JPH0297097A - Electromagnetic shielding material - Google Patents

Abstract

PURPOSE:To prevent an electromagnetic shielding material from deteriorating in property due to aging by a method wherein a thin film of metal selected from tin, nickel, or chrome is formed on a copper foil and moreover the same metal oxide is contained in the metal thin film.

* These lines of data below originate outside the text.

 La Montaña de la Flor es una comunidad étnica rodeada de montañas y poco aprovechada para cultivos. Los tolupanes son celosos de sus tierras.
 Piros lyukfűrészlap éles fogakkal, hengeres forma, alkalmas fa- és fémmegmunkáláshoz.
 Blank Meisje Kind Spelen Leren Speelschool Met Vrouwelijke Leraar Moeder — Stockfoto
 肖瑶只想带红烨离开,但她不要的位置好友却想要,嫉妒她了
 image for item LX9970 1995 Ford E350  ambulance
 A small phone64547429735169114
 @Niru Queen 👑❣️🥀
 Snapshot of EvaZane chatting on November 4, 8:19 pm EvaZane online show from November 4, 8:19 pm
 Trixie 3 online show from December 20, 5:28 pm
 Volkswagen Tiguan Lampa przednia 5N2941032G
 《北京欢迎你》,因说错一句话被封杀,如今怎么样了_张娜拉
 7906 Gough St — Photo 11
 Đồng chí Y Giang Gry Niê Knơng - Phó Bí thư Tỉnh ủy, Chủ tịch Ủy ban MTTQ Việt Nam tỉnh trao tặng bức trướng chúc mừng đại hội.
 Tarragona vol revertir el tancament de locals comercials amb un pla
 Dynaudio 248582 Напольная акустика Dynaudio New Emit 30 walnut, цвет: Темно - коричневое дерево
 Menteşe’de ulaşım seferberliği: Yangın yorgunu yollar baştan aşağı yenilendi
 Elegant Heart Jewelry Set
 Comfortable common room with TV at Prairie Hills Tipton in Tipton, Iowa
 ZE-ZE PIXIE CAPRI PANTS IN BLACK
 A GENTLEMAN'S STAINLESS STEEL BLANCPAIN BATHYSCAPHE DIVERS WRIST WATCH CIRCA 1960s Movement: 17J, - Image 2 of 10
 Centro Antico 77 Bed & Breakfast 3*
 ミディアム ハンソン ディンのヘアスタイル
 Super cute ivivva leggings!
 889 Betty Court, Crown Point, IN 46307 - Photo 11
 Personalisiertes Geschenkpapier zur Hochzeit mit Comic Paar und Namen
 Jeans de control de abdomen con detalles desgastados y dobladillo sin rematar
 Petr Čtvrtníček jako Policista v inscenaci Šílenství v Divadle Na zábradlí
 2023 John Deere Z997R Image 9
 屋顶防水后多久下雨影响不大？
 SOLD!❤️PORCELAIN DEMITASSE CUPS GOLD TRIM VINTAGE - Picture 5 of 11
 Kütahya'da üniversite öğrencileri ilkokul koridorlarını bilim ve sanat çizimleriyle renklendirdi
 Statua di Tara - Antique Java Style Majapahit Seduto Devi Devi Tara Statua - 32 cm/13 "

CONSTITUTION:In this case, a thin film 1 of thin is formed on one side of a copper foil 2 through vacuum evaporation, and an insulating material 3 of polyethylene terephthalate or the like is laminated on the other side of the copper foil 2 through the intermediary of bonding agent. Moreover, a part of the metal thin film 1 is oxidized into metal oxide. By this setup, the surface of the copper foil 2 is covered with a thin film of metal selected from tin, nickel, or chrome excellent in environment resistance to protect the copper foil 2 against an external atmosphere, so that the copper foil 2 can be improved in environment resistance. Furthermore, when the metal thin film is made to contain the oxide of the same metal, the adhesive power of the metal thin film to the copper foil is improved, so that an electromagnetic shielding material of this design can be improved in abrasion resistance.

Description

DETAILED DESCRIPTION OF THE INVENTION [Industrial Application Field] The present invention relates to an electromagnetic shielding material used for electronic circuits, electric wires, and the like.

[Conventional technology]

In recent years, with advances in semiconductor technology, electronic devices have become more complex and sophisticated.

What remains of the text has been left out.